Meta's New AI Model Benchmark May Be Misleading

2025-04-07

Recently, Meta unveiled its new flagship AI model, Maverick, which secured the second position in the LM Arena test. LM Arena evaluates model performance by having human evaluators compare model outputs and select the better option. However, there are indications that the version of Maverick deployed on LM Arena differs from the one widely available to developers.

In its announcement, Meta noted that the version of Maverick on LM Arena is an "experimental chat variant." Additionally, a chart on the Llama official website shows that Meta's LM Arena testing used a version described as "Llama 4 Maverick optimized for conversational abilities."

There have been reports questioning the reliability of LM Arena in assessing AI model performance. Typically, AI companies do not customize or fine-tune models specifically to perform better on LM Arena—or at least they don't openly admit to such practices.

The concern arises when a model is tailored for a specific benchmark but only a non-optimized "base version" is released.

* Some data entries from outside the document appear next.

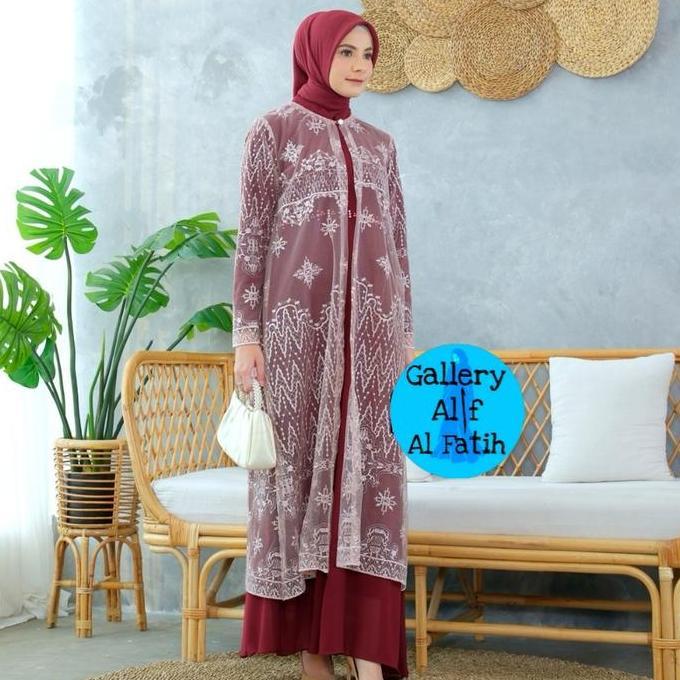 Outer brukat jumbo tile qania cardan pesta motif etnik rosegold inner maroon mewah LD 100 110 120 GA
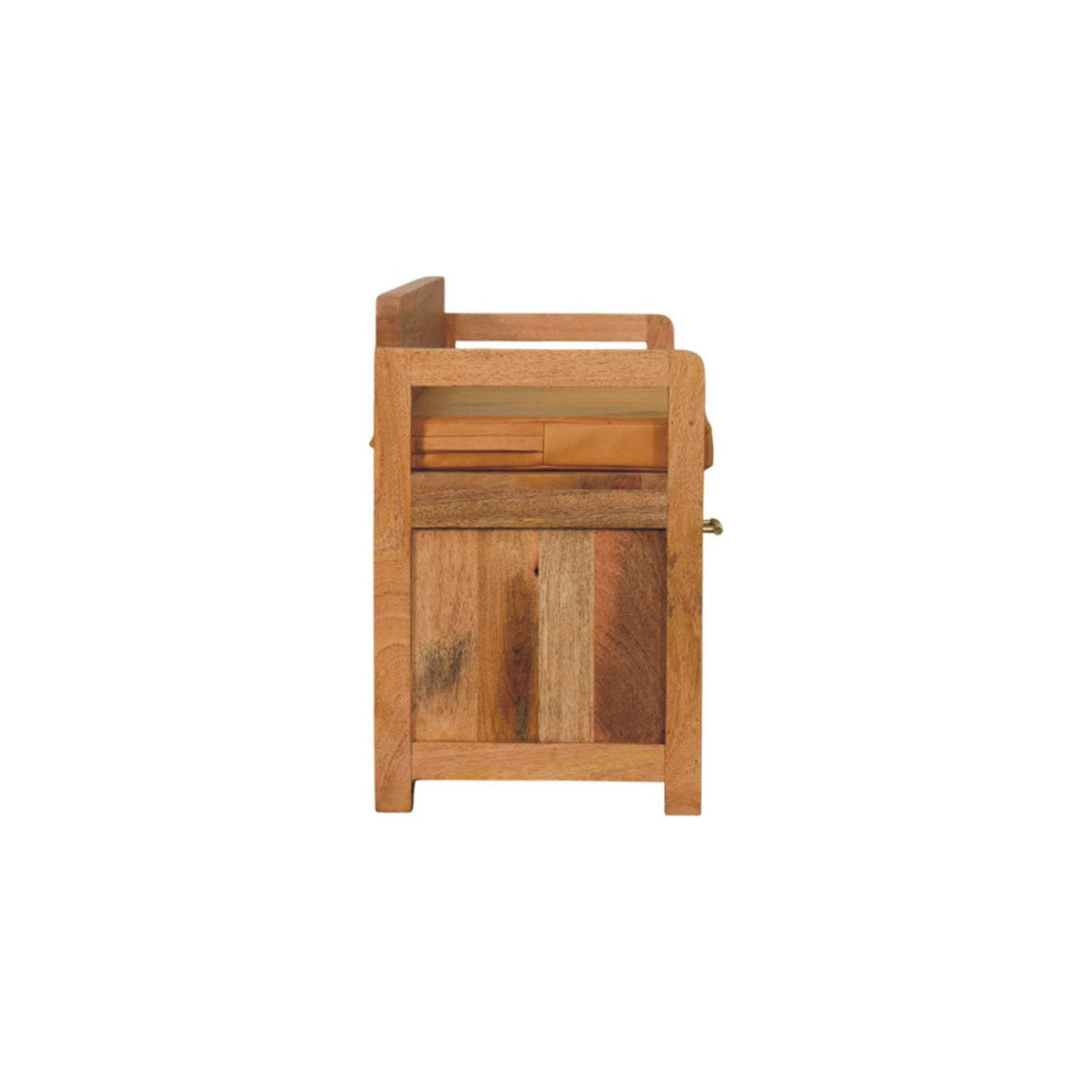 The Oxford Oak & Buffalo Leather Storage Bench — Tan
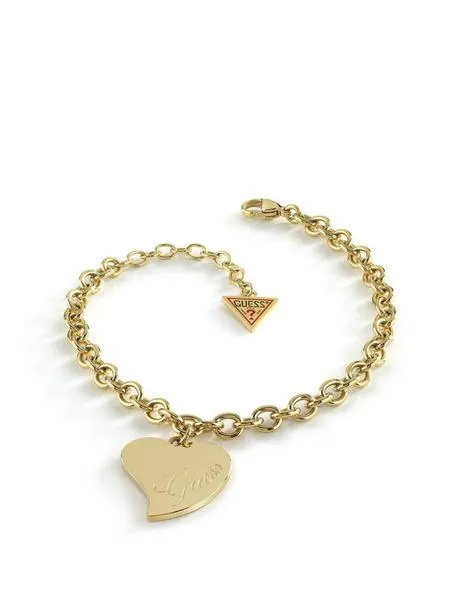 pulsera guess love corazón dorado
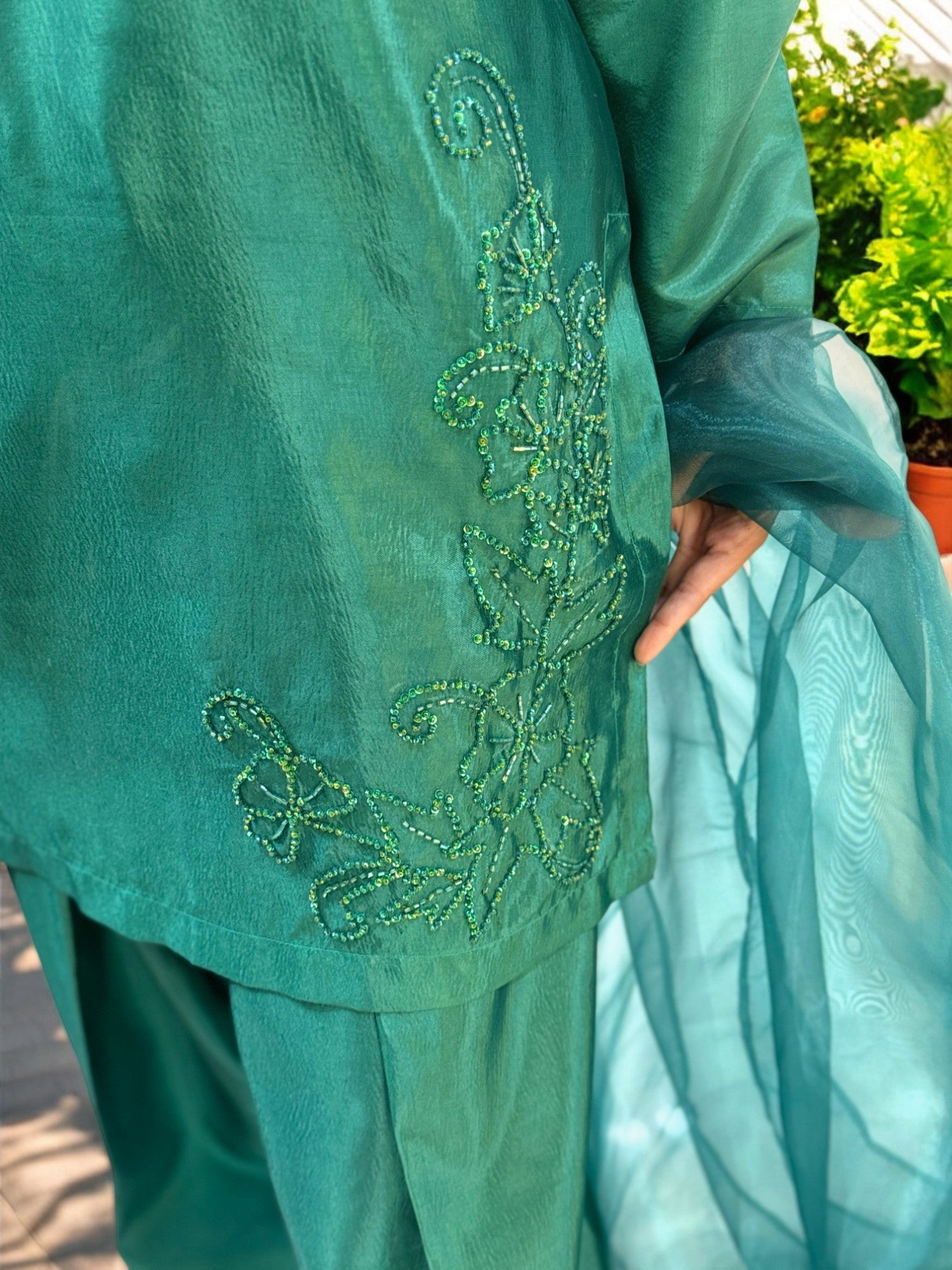 3-Piece Raw Silk Farshi Shalwar Set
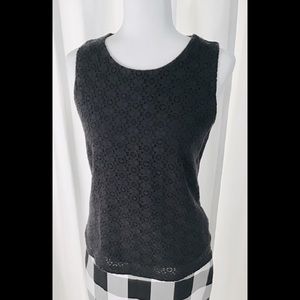 Talbots Black Eyelet Front Shell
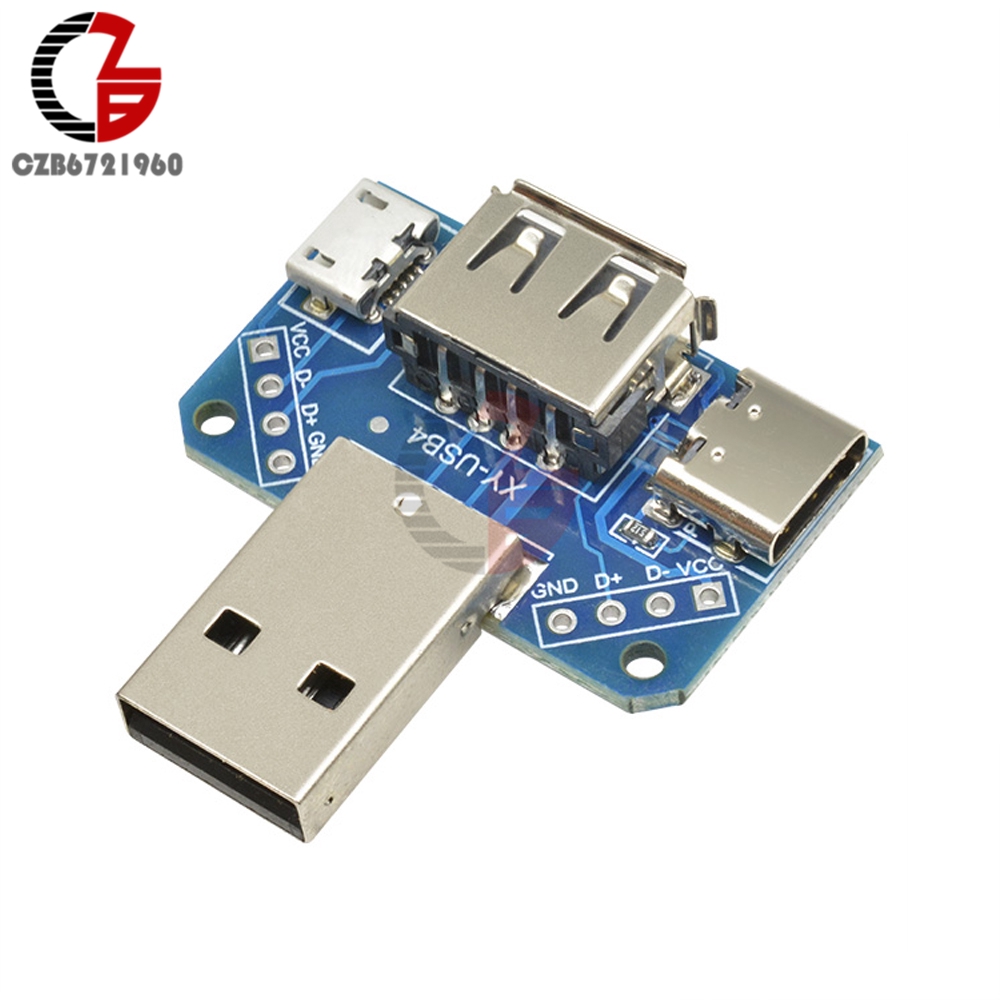Đầu USB 5V chuyển đổi Type-c sang Micro USB sang 2.54mm 4P mô đun XY-USB4 | BigBuy360 - bigbuy360.vn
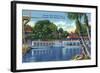 Silver Springs, Florida - View of Electric Glass Bottom Boats-Lantern Press-Framed Art Print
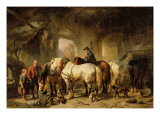 Horses Feeding in the Stable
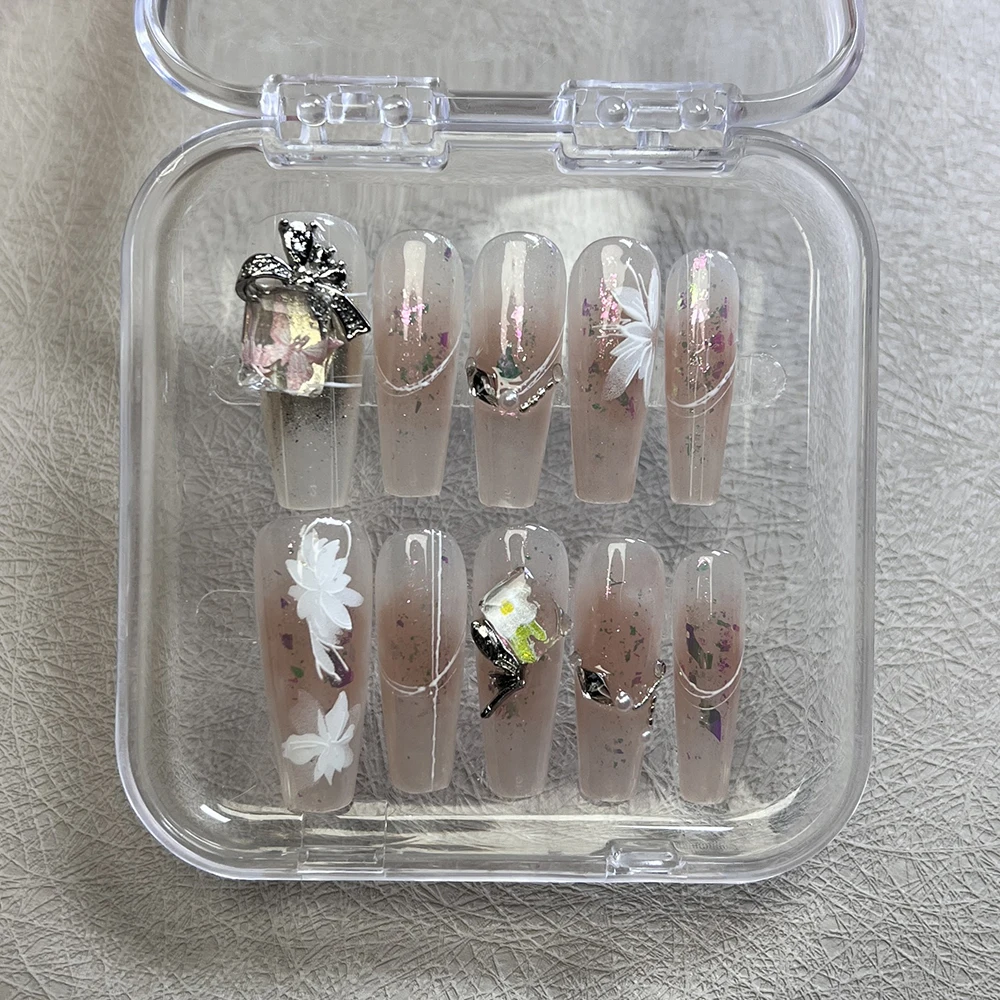 Модный французский искусственный пресс на ногтях Hello Kitty 3D Роскошный дизайн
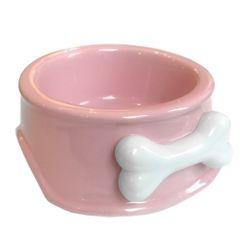 Ceramic Bowl with Bone, Pink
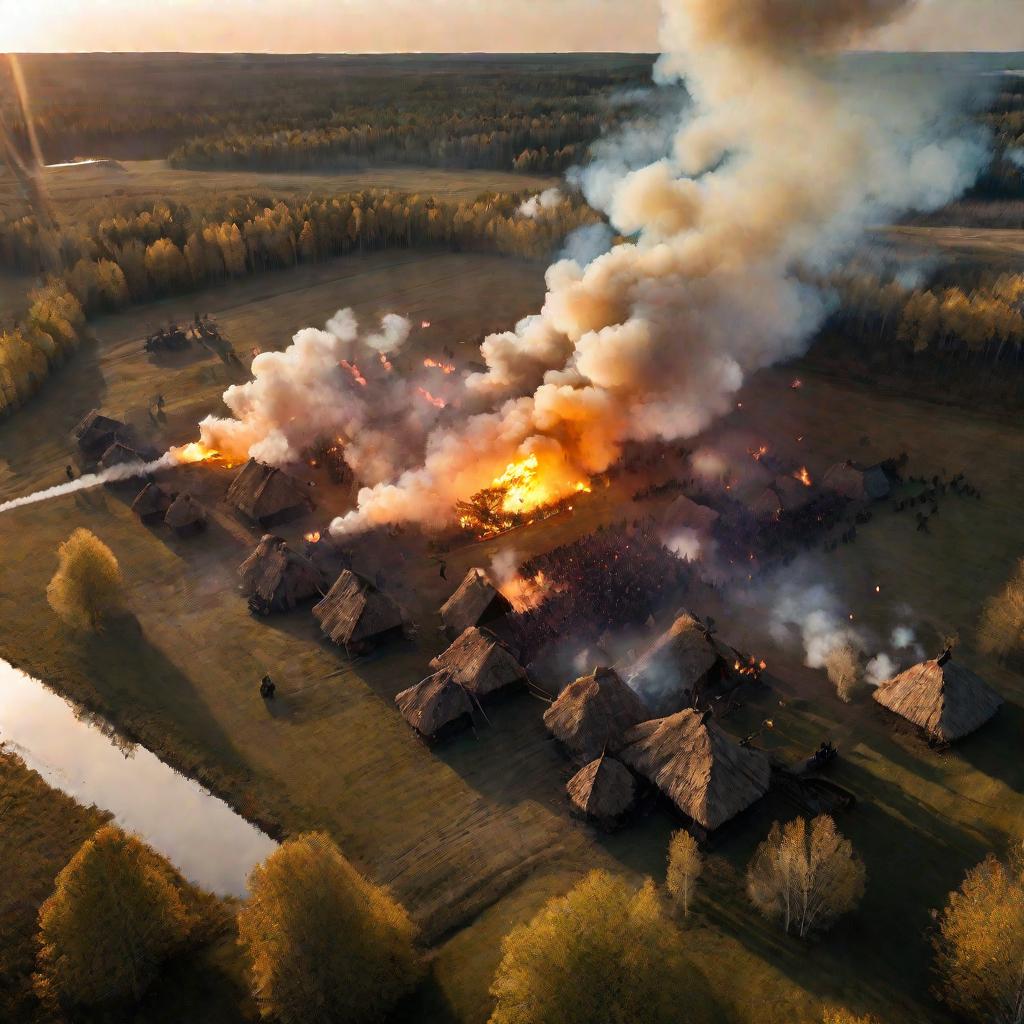 Село горит во время шведского вторжения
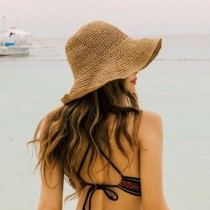 韓風度假氛圍素面百搭時尚可折疊大帽沿遮陽帽質感草帽2色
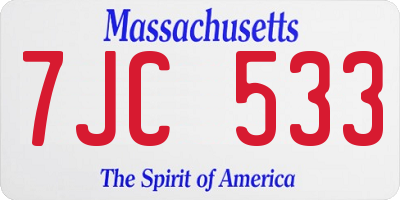 MA license plate 7JC533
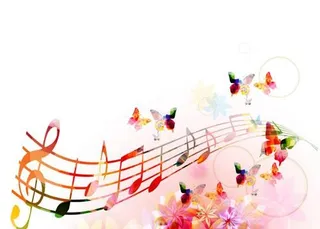 幻彩蝴蝶音符矢量素材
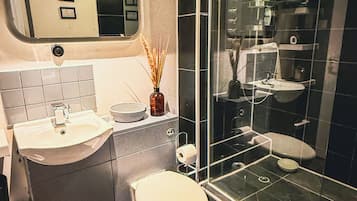 Shower, towels, soap, toilet paper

This can make it challenging for developers to accurately predict how the model will perform in real-world applications. Such actions can be misleading and contradict the fundamental purpose of benchmark testing—to objectively reflect a model’s strengths and weaknesses across multiple tasks, despite inherent limitations in current benchmarks.

Research indicates significant differences between the LM Arena version of Maverick and the publicly downloadable version, with the former using numerous emojis and providing more verbose responses.

An official response has been requested from both Meta and the maintainers of Chatbot Arena, which oversees LM Arena.